When the blogger once visited the giant Ok Tedi gold and copper open pit mine in the remote highlands of Papua-New Guinea, the chief geologist of the mine uttered a seemingly abstract statement. "Here in our area, geologic processes happen on the same time scale as everyday life," he said. Well, every high school kid learns that under normal circumstances it takes eons for geologic changes to happen. Mountain ranges, for instance, are not built in tens of years - it takes hundreds of thousands or millions instead. Compared to the normal rate at which tectonic plates drift - like two inches per year at the plate boundary here in Northern California - a regular garden snail moves at supersonic speed. These are surely different time scales than those in our hectic everyday life.

But the highlands of Papua-New Guinea are completely different. Firstly, they are extremely remote with very few roads and other infrastructure, except for the occasional mine, or an oil or gas well.
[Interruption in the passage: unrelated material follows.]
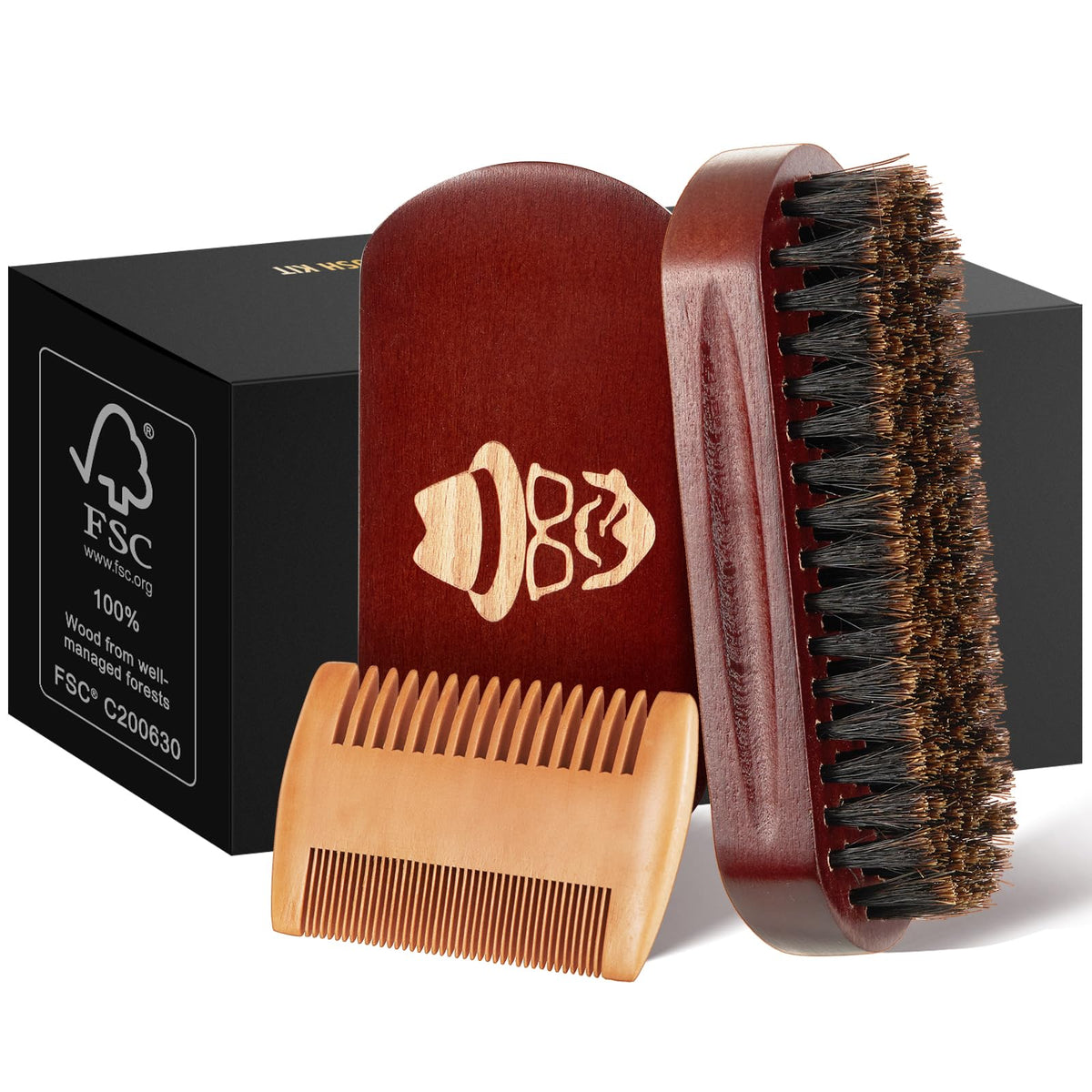 Sosoon Beard Brush with a neatly groomed beard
In addition, tropical rainstorms drop so much precipitation on this area that the flanks of mountains are always soaked with water and hence prone to huge landslides. And finally, the highlands are a patchwork of steep ups and downs called the Papuan Fold and Thrust Belt. There, earthquakes shift the mountains on a regular basis. During the past century, however, none of these quakes was as strong as the big temblor that rocked the entire island in the western Pacific on Sunday night (local time). With a magnitude of 7.5, it caused huge landslides, and damaged structures and residences in Mount Hagen, Papua's third largest city. At least three people are confirmed dead in the town of Mendi. They were buried when their house was swept away by a landslide. Operations in the Ok Tedi mine came to a halt, because the road that connects the mine to Tabubil, the nearest town, was blocked by several huge landslides. In addition, Exxon-Mobil interrupted the processing of liquid natural gas in its facility in the area.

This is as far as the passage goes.